Sunday, March 26, 2006

The Conservative Movement: Is The Theology Heresy?

An article in Cross-Currents has prompted me to ask a question about the Conservative Movement. As we look at it today, what exactly is the objection to it? I am not asking what the problems are. They are many and self evident as shown by statements made by Conservative Rabbi, Dr. Ismar Schorsch Chancellor emeritus of JTS. Who, after all, had a better perspective on these problems than he? My question is a theological one.

I have been in the forefront of referring to the Conservative movement as a heretical one. And I continue to do so. But that description requires more analysis and reflection. Here is how I view the current state of affairs.

There are two basic problems with the Conservative movement.

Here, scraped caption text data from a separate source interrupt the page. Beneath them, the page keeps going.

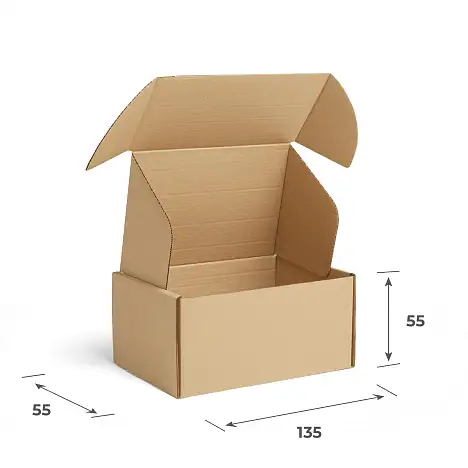 Картонная коробка 135х55х55 Т11 E Белый 0427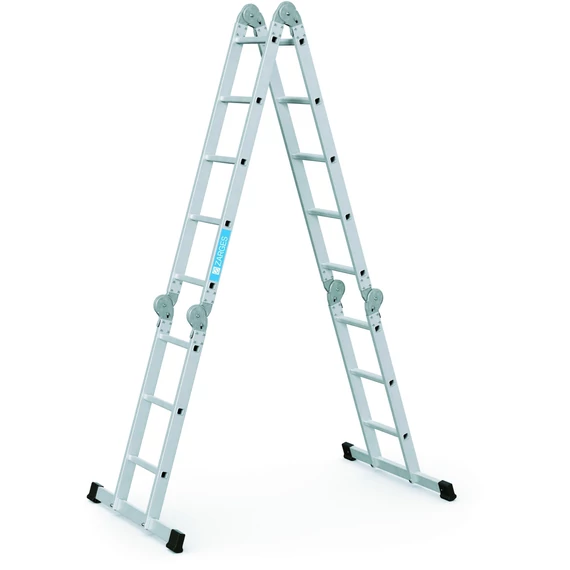 Zarges Multitec M sokcélú létra, alu, 2x3+2x5 fokos, 4.74m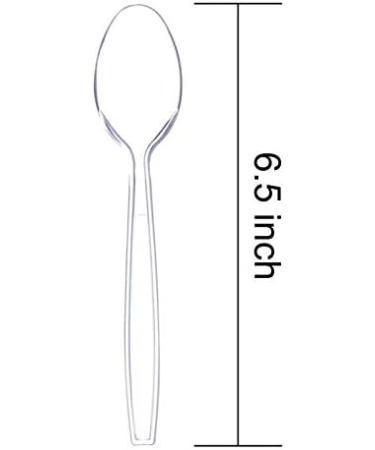 360 Clear Plastic Spoons - Heavyweight Disposable Cutlery - 6.7inch Heavy Duty Utensils for Parties and Restaurants - Buy Online on GoSupps.com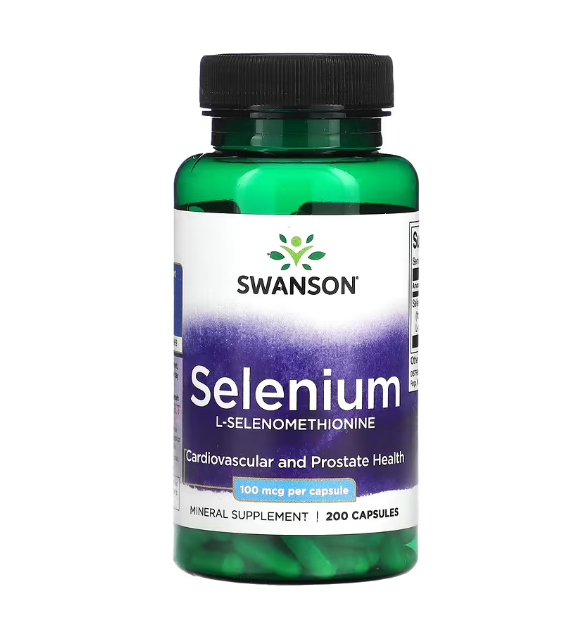 Селен Swanson Selenium l-selenomethionine 100 mcg 200 капс.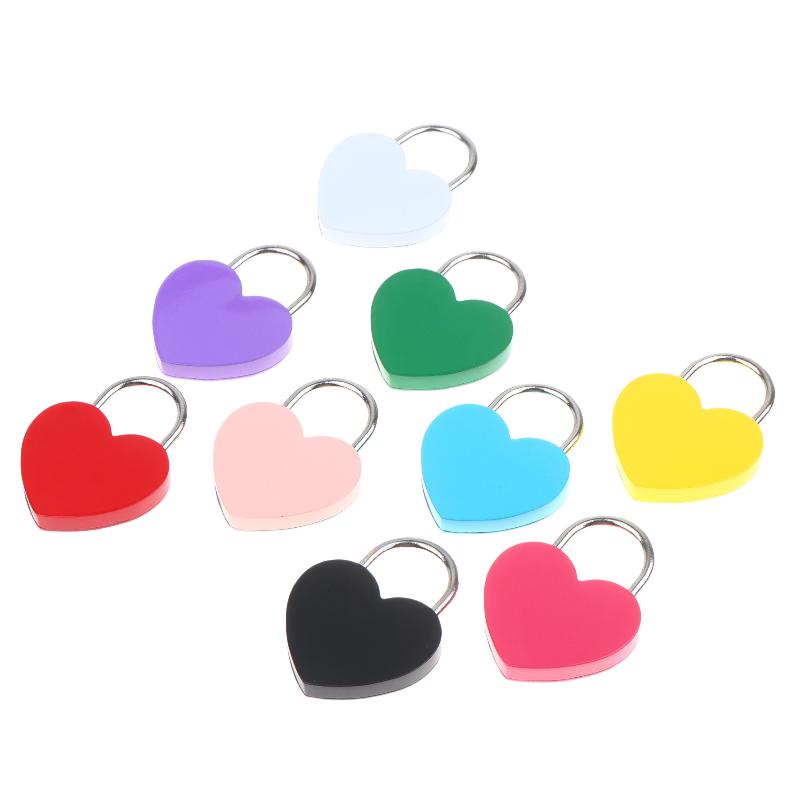 45*59*8Mm Heart Shaped Padlock With Matching Keys Romantic Metal Love Locks For Travel Wedding Gift Diary Bag Luggage Decor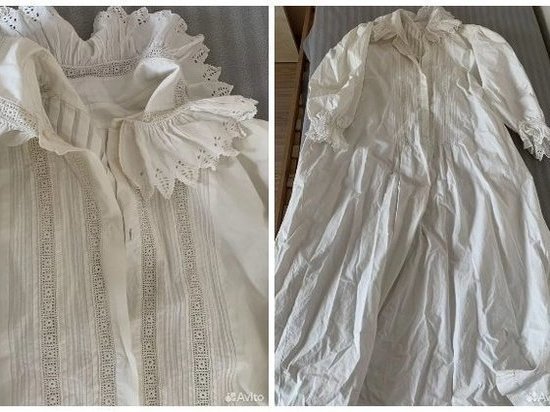 В Новосибирске депутат горсовета выставила на продажу старинную сорочку из Парижа за 3 тысячи рублей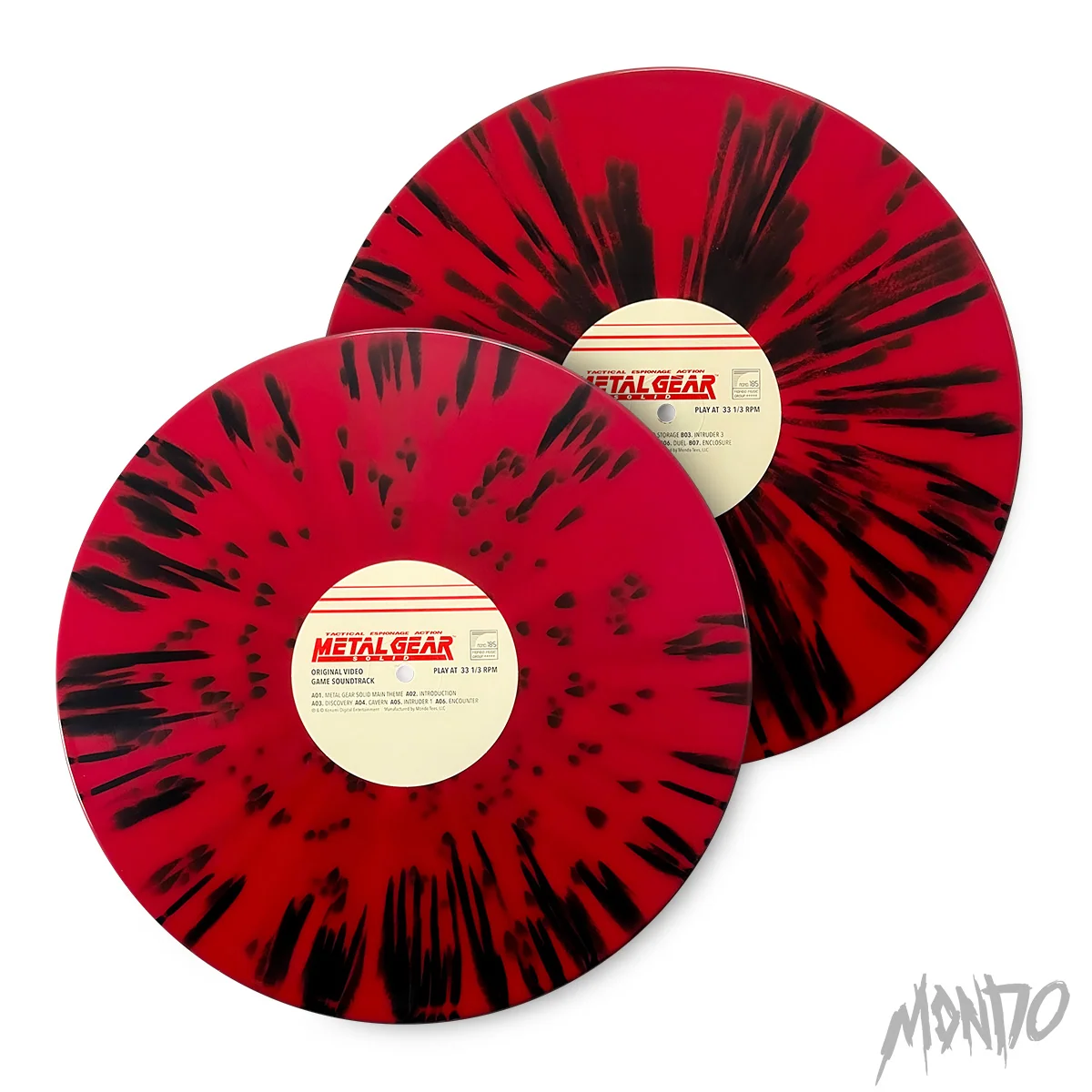 Metal Gear Solid Vinyl Soundtrack 2XLP Red Black Splatter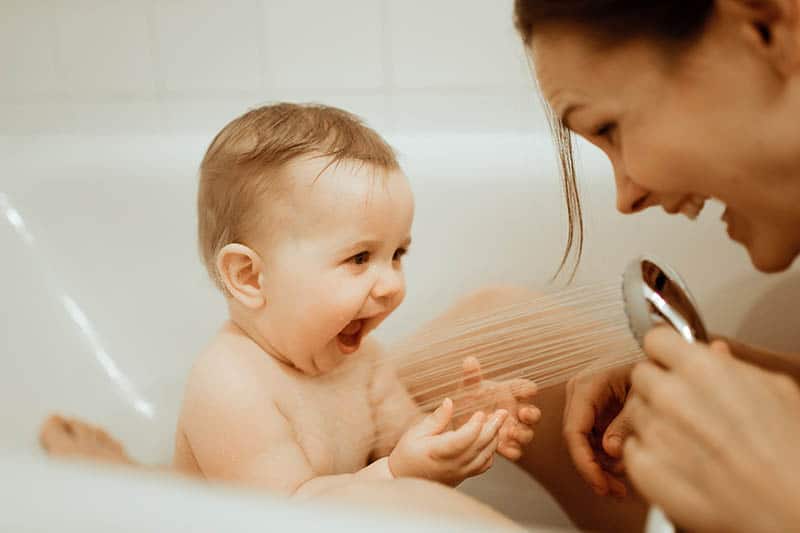 Showering Baby: Is It Safe Or Should You Wait?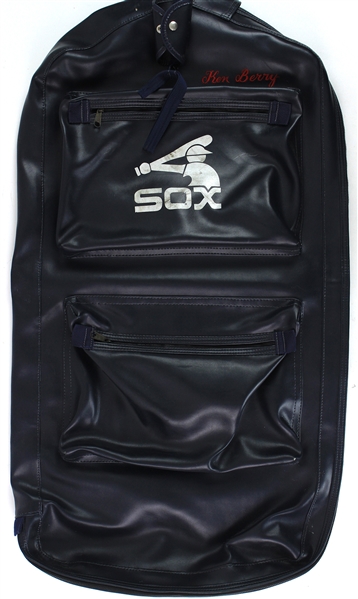 1988-89 Ken Berry Chicago White Sox Hanging Garment Bag (MEARS LOA) 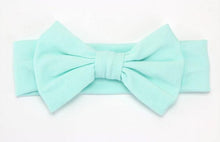 Load image into Gallery viewer, Headband Knitted Cotton Children Girls Elastic Bow Hair Bands Turban for girl Headbands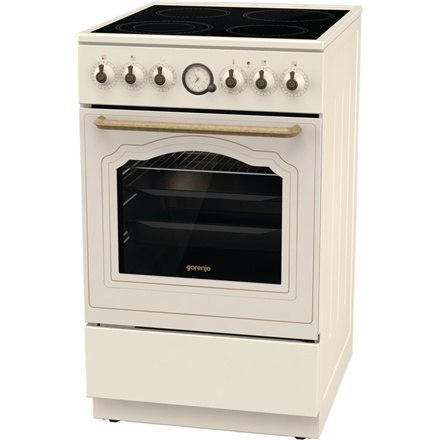 Gorenje | Kuchenka | GECS5B70CLI | Typ płyty Vitroceramic | Typ piekarnika Elektryczny | Beżowy | Szerokość 50 cm | Głębokość 59 Gorenje | Kuchenka | GECS5B70CLI | Typ płyty Vitroceramic | Typ piekarnika Elektryczny | Beżowy | Szerokość 50 cm | Głębokość 59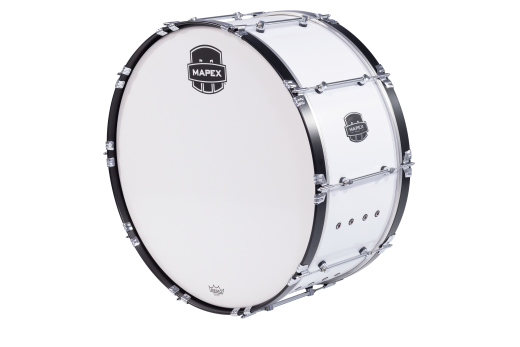 Mapex Marching - Quantum Mark II Series 32x14 Marching Bass Drum - Snow White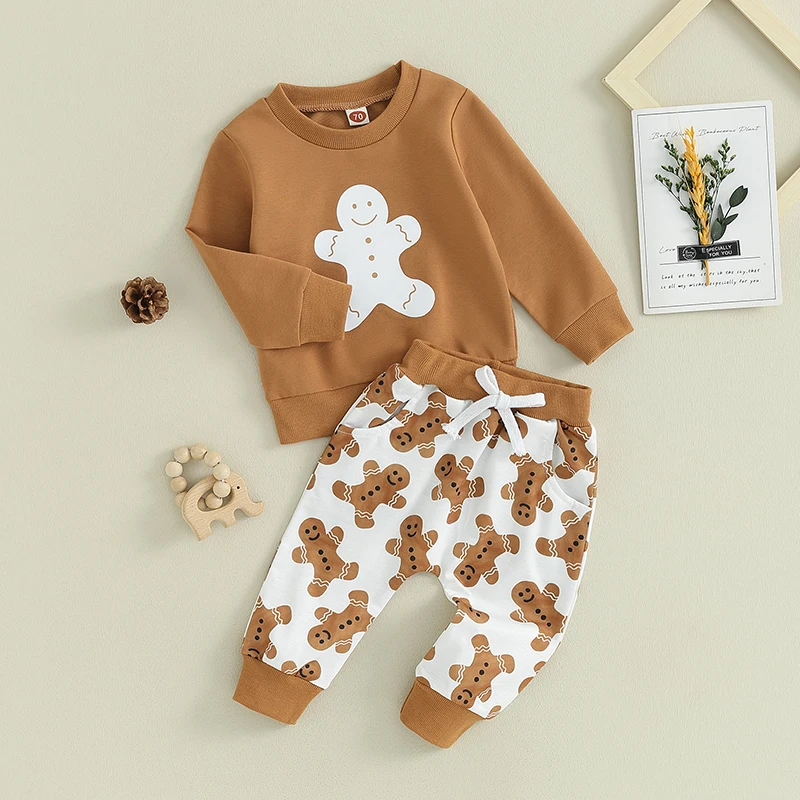 Sets for babies and children with Santa Claus print, long-sleeved hoodie and striped pants 16 Sd7e128dfd59f4ebf8a72b6aa9ceacff3S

One is in the area of what I would call creating law. The Conservative movement has redefined how Halacha is created and adopted a much more liberal method of doing so, using a kind of Eis Laasos reasoning. They have used questionable methods based on inappropriately applied Talmudic reasoning and changed established rabbinic law based on their own logic and reason rejecting centuries of established rules on how to Paskin.

A classic example of this is the Heter given to driving to Shul on Shabbos. Their rationale was that since Jews were driving anyway, they might as well better drive to shul. They qualified the Heter as permitting driving only for Shul. But once the horse is out of the barn there is no point in closing the door. In fact there was recently some discussion amongst Conservative rabbinic leaders that the “driving to Shul” Heter was a mistake as people used it to drive anywhere they wanted.

Perhaps their intention was good but breaking away from traditional methods of Psak Halacha slid them down a slope of no return. This has culminated in one prominent Conservative rabbi, Neil Gilman, into facing reality and exhorting the movement to stop calling itself Halachic.

But this approach to Psak Halacha can perhaps be forgiven in the abstract if not in reality. Orthodox philosopher and theologian, Dr. Eliezer Berkovits has suggested a similar approach for Orthodoxy in his final publication “Lo BaShamyim He”. A much bigger problem is the Conservative Movement's acceptance of critical scholarship.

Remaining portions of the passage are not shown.